Larger GPU memory usage during the first batch

Hi, I have a training code that runs on a single GPU like this:

def train():

    for batch_idx, (inputs, targets) in enumerate(train_loader):
        inputs = inputs.cuda(non_blocking=True)
        targets = targets.cuda(non_blocking=True)

        outputs = model(inputs)
        loss = criterion(outputs, targets)


        print(f'Max memory allocated: {torch.cuda.max_memory_allocated() // 1024 // 1024}')

def main():
    model = Net().cuda()
    cudnn.benchmark = True

    train_dataset = MyDataset()
    train_loader =, batch_size=32, shuffle=True, pin_memory=True)

    optimizer = torch.optim.SGD(model.parameters(), lr=lr)
    criterion = nn.CrossEntropyLoss()

    print(f'Max memory before training: {torch.cuda.max_memory_allocated() // 1024 // 1024}')
    train(train_loader, model, optimizer, criterion)

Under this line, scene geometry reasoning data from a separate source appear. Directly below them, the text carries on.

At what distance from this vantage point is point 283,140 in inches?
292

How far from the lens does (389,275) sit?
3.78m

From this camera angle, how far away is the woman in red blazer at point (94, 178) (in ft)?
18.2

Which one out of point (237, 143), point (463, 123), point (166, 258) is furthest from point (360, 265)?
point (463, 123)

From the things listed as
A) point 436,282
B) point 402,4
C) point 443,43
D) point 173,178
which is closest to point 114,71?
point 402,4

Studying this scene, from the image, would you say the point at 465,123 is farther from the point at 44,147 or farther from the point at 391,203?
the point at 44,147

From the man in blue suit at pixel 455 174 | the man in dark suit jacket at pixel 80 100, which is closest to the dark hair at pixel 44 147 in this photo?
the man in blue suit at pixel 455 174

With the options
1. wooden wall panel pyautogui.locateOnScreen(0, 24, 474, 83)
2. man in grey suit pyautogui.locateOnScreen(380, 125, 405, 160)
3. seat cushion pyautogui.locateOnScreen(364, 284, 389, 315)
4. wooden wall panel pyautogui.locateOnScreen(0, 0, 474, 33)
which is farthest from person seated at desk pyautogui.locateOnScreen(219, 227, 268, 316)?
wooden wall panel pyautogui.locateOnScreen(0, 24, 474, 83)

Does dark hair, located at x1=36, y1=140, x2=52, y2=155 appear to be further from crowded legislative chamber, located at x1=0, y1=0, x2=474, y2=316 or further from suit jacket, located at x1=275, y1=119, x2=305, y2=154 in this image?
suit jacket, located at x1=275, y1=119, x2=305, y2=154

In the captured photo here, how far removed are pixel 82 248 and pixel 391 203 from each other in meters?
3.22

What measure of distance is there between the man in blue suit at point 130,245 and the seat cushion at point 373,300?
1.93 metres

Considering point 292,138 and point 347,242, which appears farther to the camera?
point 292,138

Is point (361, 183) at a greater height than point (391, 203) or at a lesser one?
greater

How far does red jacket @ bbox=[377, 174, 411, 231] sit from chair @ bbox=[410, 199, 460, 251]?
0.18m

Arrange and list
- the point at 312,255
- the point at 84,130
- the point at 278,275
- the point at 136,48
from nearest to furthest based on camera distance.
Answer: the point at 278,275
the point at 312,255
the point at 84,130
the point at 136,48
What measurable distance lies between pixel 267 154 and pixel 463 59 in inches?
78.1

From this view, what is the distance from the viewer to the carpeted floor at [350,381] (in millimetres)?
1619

Then the output I got in this way is:

Max memory before training: 487
Max memory allocated: 15402
Max memory allocated: 13615
Max memory allocated: 13591
Max memory allocated: 13591
Max memory allocated: 13591
Max memory allocated: 13591

What could be the reason of that the GPU memory usage of the first batch is larger than the following ones? This would lead to OOM if I use slightly larger model. Is there any ways to reduce the extra usage of memory?

cudnn benchmarking will try different algorithms for your input shape and model.
Some algorithms trade memory for speed, so you might see a higher memory usage and a slowdown (due to multiple profiling runs) for the first iteration.

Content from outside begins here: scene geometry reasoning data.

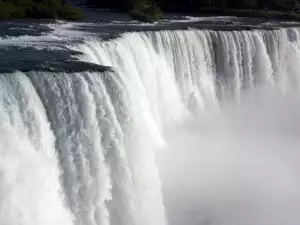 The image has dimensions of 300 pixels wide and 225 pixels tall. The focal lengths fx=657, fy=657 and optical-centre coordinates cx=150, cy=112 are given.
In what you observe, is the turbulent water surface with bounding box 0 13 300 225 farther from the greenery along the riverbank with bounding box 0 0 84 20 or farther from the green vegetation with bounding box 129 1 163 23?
the greenery along the riverbank with bounding box 0 0 84 20

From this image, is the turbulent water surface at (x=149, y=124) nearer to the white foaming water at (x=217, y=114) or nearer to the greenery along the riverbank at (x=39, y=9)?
the white foaming water at (x=217, y=114)

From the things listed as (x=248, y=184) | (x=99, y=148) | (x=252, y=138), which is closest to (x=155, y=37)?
(x=252, y=138)

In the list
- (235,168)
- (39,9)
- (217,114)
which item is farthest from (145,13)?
(235,168)

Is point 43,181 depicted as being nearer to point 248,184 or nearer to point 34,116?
point 34,116

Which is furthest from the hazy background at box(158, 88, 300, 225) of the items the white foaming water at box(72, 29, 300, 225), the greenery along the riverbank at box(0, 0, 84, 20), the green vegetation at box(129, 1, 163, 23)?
the greenery along the riverbank at box(0, 0, 84, 20)

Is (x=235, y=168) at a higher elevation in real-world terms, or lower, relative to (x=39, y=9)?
lower

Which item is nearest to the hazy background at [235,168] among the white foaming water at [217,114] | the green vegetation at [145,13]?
the white foaming water at [217,114]

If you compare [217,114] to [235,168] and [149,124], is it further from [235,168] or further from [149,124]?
[149,124]

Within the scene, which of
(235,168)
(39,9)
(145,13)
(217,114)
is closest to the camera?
(235,168) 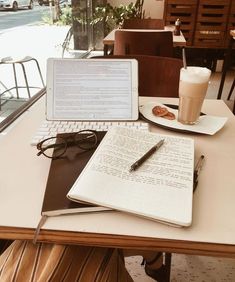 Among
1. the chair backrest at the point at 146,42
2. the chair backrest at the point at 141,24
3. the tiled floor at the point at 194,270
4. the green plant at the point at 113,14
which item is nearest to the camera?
the tiled floor at the point at 194,270

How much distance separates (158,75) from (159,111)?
0.55m

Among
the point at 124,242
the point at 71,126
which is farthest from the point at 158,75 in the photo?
the point at 124,242

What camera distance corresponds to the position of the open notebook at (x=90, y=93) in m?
0.88

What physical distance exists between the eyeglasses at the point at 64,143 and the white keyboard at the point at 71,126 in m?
0.05

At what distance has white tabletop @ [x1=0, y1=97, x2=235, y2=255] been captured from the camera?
488 mm

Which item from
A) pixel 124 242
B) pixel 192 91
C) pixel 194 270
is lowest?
pixel 194 270

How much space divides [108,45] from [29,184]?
220 cm

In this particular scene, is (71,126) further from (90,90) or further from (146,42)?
(146,42)

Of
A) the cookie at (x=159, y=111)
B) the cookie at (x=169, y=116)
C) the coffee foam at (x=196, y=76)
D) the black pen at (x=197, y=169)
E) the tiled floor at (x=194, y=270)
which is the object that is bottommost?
the tiled floor at (x=194, y=270)

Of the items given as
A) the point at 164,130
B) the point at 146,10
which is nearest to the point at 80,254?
the point at 164,130

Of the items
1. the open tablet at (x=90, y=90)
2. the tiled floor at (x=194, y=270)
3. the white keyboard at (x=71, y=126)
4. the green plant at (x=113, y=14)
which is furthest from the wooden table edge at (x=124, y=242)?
the green plant at (x=113, y=14)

This shouldn’t yield to an OOM error, as cudnn shouldn’t use an algo which uses too much memory.

1 Like

Thanks for your reply! The memory reduces especially for the first batch after the cudnn benchmarking is commented. But the running time takes 30% longer.

From the output I posted above, I assume that the memory used by benchmarking algorithms can exceed 1.5GB. For example, if 15 GB out of 16GB is occupied by the model training itself, will this get an OOM error? I just wonder is there a way to so something like making cudnn benchmarking try these algorithms before the training to reduce the peak memory allocated?

That’s expected, since cudnn benchmarking will try to find the fastest algorithm for your workload.

This shouldn’t be the case and cudnn should discard all algorithms which could cause an OOM error. Have you seen an OOM using cudnn.benchmark?

Benchmarking will run for the first iteration and cache the fastest algorithms for the current setup.
If you don’t want to trigger it in the first training iteration, you could pass a dummy tensor with the same shape as your training samples before entering the training loop.
Note that each different input shape will trigger the benchmarking again, so if you are dealing with a lot of different shapes, your code might run faster, if you disable it.

Actually my real training code is a complicated version of the posted one. It’s not just a cross entropy loss but a distributed manner in which every process computes hand-crafted loss and gradients. Several tensor are used as intermediate variables. Will cudnn take these into consideration when choosing algorithms?